Never leave a chemical, citric or acidic item or substance on the marble.
Clean marble with a clean, slightly damp cloth and then dry with a soft towel. Avoid bleach, acidic cleaners or any abrasive household cleaners with marble, as etching and dullness may occur.
· Overview - Quartzite, which is
predominantly silica, is a hard non-foliated metamorphic rock which was
originally sandstone. Sandstone is converted into quartzite through heating and
pressure related to tectonic compression. Its siliceous nature makes it a
perfect choice for kitchen countertops because chemically it has a very high
resistance to anything acidic.
· Appearance - Pure quartzite is usually white to gray, though quartzite often occur in various shades of pink and red due to varying amounts of iron oxide (Fe2O3). Other colors, such as yellow and orange, are due to other mineral impurities.
· Beneficial Features - Quartzite is a decorative stone which is used as kitchen countertops, to cover walls, as roofing tiles, in flooring, and for stair steps. Quartzite is extremely popular due to its marble like appearance and granite like properties which makes it an ideal choice to be used in kitchen. Hardness of quartzite makes it extremely resistant to water absorption, heat & scratches.

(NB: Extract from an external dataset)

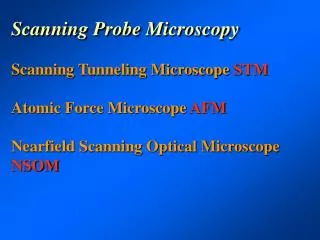 Scanning Probe Microscopy Scanning Tunneling Microscope STM Atomic Force Microscope AFM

· Quartzite- Use a stone sealant for an additional layer of protection. There are instances when a particular block of a quartzite can have traces of calcium carbonate which can be a cause of localized etching if that particular section comes in contact with anything acidic. Quartzite even in this situation will give you more time to clean up before it starts to etch.
· Overview - Travertine is common for
both exterior and interior purposes.
· Appearance - Most natural travertine is dark, ranging from ecru to dark red, with a variety of vein colors.

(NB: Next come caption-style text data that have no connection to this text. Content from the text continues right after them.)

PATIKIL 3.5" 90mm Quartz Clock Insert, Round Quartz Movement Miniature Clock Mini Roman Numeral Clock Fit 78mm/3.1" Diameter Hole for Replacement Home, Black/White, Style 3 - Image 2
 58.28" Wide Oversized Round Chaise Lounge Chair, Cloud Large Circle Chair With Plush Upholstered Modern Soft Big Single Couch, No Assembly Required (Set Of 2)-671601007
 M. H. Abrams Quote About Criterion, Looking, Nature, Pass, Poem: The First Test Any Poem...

· Beneficial Features - Natural travertine is softer than marble or granite and should be sealed.
· Travertine Care - Wipe down travertine regularly with a clean, damp cloth and then dry with a towel. Avoid abrasive, bleach or caustic cleaners, as these can stain, etch or dull the appearance of the stone.

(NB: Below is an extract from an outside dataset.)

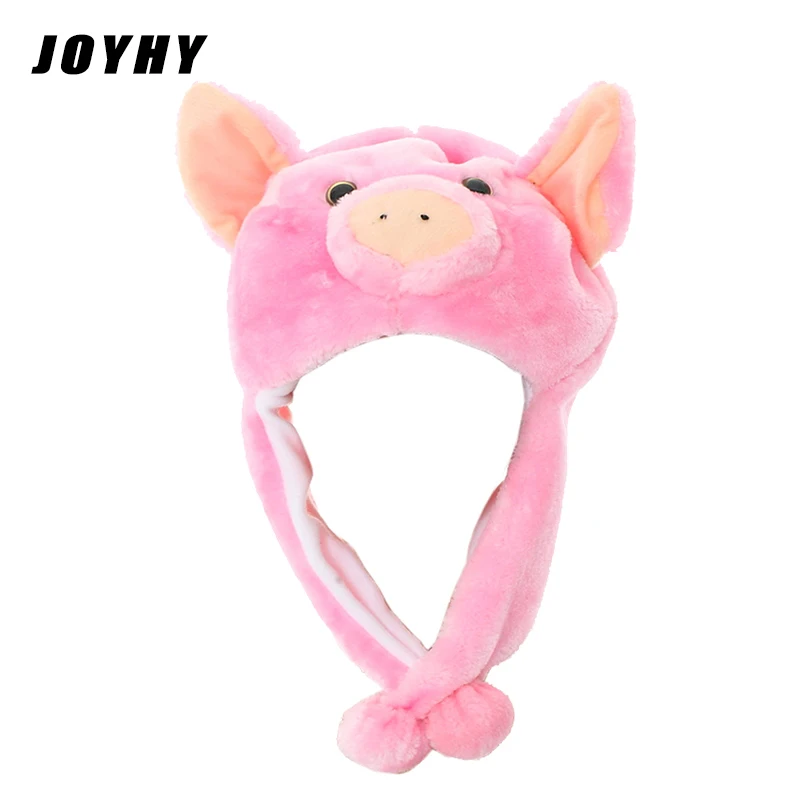 

JOYHY Kids Boys Girls Cartoon Plush Stand Ear Pink Piggy Earflap Animal Hats Children Cute Halloween Christmas Winter Warm Caps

· Overview - Limestone is a versatile
material with many uses.
· Appearance - Most limestone from the United States is light in color, ranging from yellow to pink to gray in color. Limestone imported from other countries is often light or even dark red, brown or black.
· Beneficial Features - Select limestone with mineral dolomite present, as this type of limestone can be polished and is harder than other types of limestone.
· Limestone Care - Wipe with a clean, damp cloth if dirty.
· Overview - Slate has a distinctive
cleft pattern and is usually uniform in color.
· Appearance - Different shades of slate include green, black, dark red, gray or even mottled purple.
· Beneficial Features - Slate is very hard, durable and waterproof.
· Slate Care - Rinse with water and air dry for best results.
· Overview - Primarily characterized
by a soapy sensation when touched, soapstone has high talc content.
· Appearance - The color of soapstone ranges greatly depending upon the type of soapstone used. Over time, natural soapstone develops a natural patina.
· Beneficial Features - The material is stain, chemical and water resistant but scratches easily.
· Soapstone Care - Clean with water.
· Overview - CaesarStone is primarily
comprised of crushed quartz, to which high-quality polyester pigments and
resins are added, making it very strong
· Appearance - Over 40 colors are available.
· Beneficial Features - CaesarStone is stain, heat, scratch and chemical-resistant. In addition, CaesarStone is non-porous, does not require sealing, crack and chip proof and has been certified for use in hospitals and restaurants by the National Sanitation Foundation.
· CaesarStone Care - CaesarStone is maintenance free. Just wipe with a damp cloth.
Overview - Neolith is a ceramic stone that comes in large slabs.
· Appearance - Neolith is ceramic and is available in a wide variety of colors.
· Beneficial Features - Neolith is stain, water and heatproof.
· Neolith Care - The material does not need to be sealed and is easy to clean with non-abrasive household cleaners.